Inside Out

Notes on seeking wisdom and crafting software

Transcribe podcasts for notes

Table of contents

A mini note on a setup to automatically download podcasts from a feed and transcribe it using a Whisper speech to text model.

Whisper on local box

For this experiment, I’m using an old desktop with 4GB VRAM. [Whisper.cpp] perfectly fits the bill allowing us to run Whisper on CPU.

# Clone and build the whisper.cpp repo for GPU
> git clone https://github.com/ggerganov/whisper.cpp.git
> cd whisper.cpp
> WHISPER_CUDA=1 make -j

# Get the base model and quantize it to fit our GPU
> make base.en
>./quantize models/ggml-base.en.bin models/ggml-base.en.q5_0.bin q5_0

# Optional: Run transcription for any wav file like this
# -p 6: using 6 physical cores for the transcription process
> ./main -m models/ggml-base.en.q5_0.bin -p 6 -f /mnt/media/podcasts/vedantany/tmp/out.wav -otxt

Getting podcast episodes

We’re using a tiny program called Poddl for listing and fetching the podcasts from a given RSS feed.

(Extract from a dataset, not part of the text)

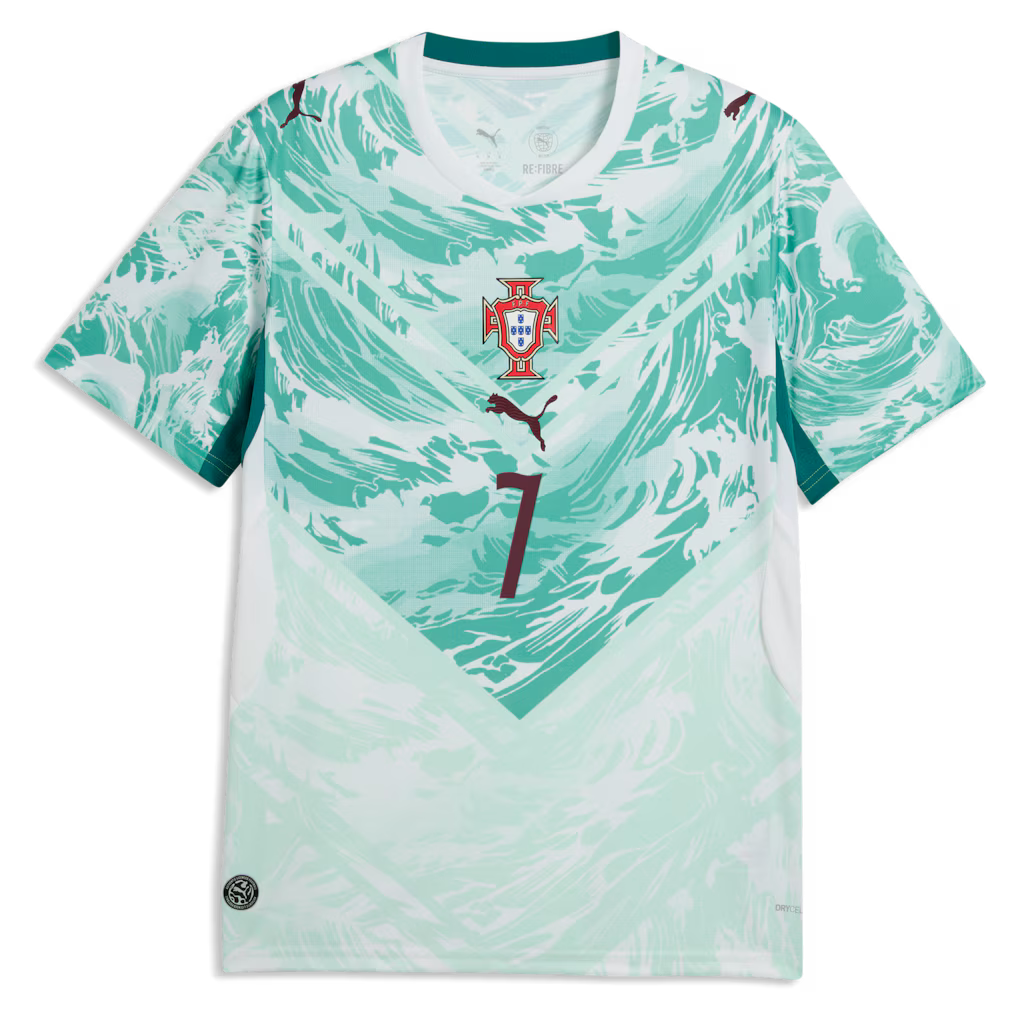 Portugal PUMA Away Shirt 2026 Lagoon Green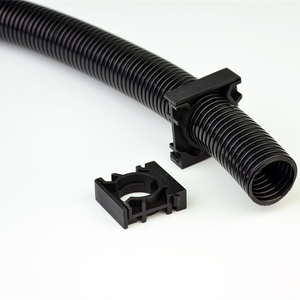 SY Black Flexible Corrugated Split Tubing Convoluted Wire Loom Conducto <span class=keywords><strong>abierto</strong></span>-Todos los tipos de tubos de plástico - Product Image 3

# List episodes for a podcast.
# Please use a feed url of your choice
> poddl https://feeds.soundcloud.com/users/soundcloud:users:311396902/sounds.rss -l | less

# Download an episode.
# -o .: use current folder as the output directory
# -i: add episode index number to downloaded episode
# -n 1: download the episode number 1
# -z 4: use a 4 digit numbering scheme for the name
> poddl https://feeds.soundcloud.com/users/soundcloud:users:311396902/sounds.rss -o . -i -n 1 -z 4

This will get the podcast episode in mp3 format.

Automation!

Here’s the entire script I’m using with notes on customizations.

#!/bin/bash

set -e

# Change the feed URL and other settings as per your setup
FEED_URL=https://feeds.soundcloud.com/users/soundcloud:users:311396902/sounds.rss
OUT_DIR=tmp
TRANSCRIPT_DIR=transcripts
WHISPER_PATH=~/src/extern/whisper.cpp
CPU_CORES=6 # of physical CPU cores for parallelization
WHISPER_BIN="$WHISPER_PATH/main"
WHISPER_MODEL="$WHISPER_PATH/models/ggml-base.en.q5_0.bin"

COMMAND=$1
if [ $COMMAND = "list" ]; then
    poddl $FEED_URL -l | less
    exit 0
elif [ $COMMAND = "get" ]; then
    EPISODE_NUMBER=$2
else
    echo "Usage: transcribe (list|get) [EPISODE_NUMBER]"
    exit 0
fi

echo "Checking if temp and out directories exist..."
mkdir -p $OUT_DIR
mkdir -p $TRANSCRIPT_DIR

echo "Getting episode name..."
EPISODE_NAME=$(poddl $FEED_URL -l -n $EPISODE_NUMBER | tail -n 1)
echo "Episode: $EPISODE_NAME"

TRANSCRIPT_FILE="$TRANSCRIPT_DIR/$EPISODE_NAME.txt"
if [ -f "$TRANSCRIPT_FILE" ]; then
    echo "Transcript exists: $TRANSCRIPT_FILE"
    exit 0
fi

# FIXME Assumes podcast episode number is unique
AUDIO_FILE="$(ls $OUT_DIR/$EPISODE_NUMBER* | tail -n 1)"
if [ -f $AUDIO_FILE ]; then
    echo "Podcast audio exists: $AUDIO_FILE"
else
    echo "Downloading episode $EPISODE_NUMBER..."
    poddl $FEED_URL -o $OUT_DIR -s -n $EPISODE_NUMBER
fi

AUDIO_FILE="$(ls $OUT_DIR/$EPISODE_NUMBER* | tail -n 1)"
echo "Convert to wav..."
if [ -f "$OUT_DIR/out.wav" ]; then
  echo "Remove older wav file"
  rm $OUT_DIR/out.wav
fi
ffmpeg -i $AUDIO_FILE -ar 16000 $OUT_DIR/out.wav

echo "Transcribe..."
$WHISPER_BIN -m \
    $WHISPER_MODEL\
    -p $CPU_CORES -pp \
    -f $OUT_DIR/out.wav -otxt -of "$TRANSCRIPT_FILE"
echo "Done!"

Base Whisper models are decent enough for English speech to text. With 6 processors, and the base English model, it takes ~3 mins to transcribe an hour worth of audio. Please try and check which model suits your scenario the best!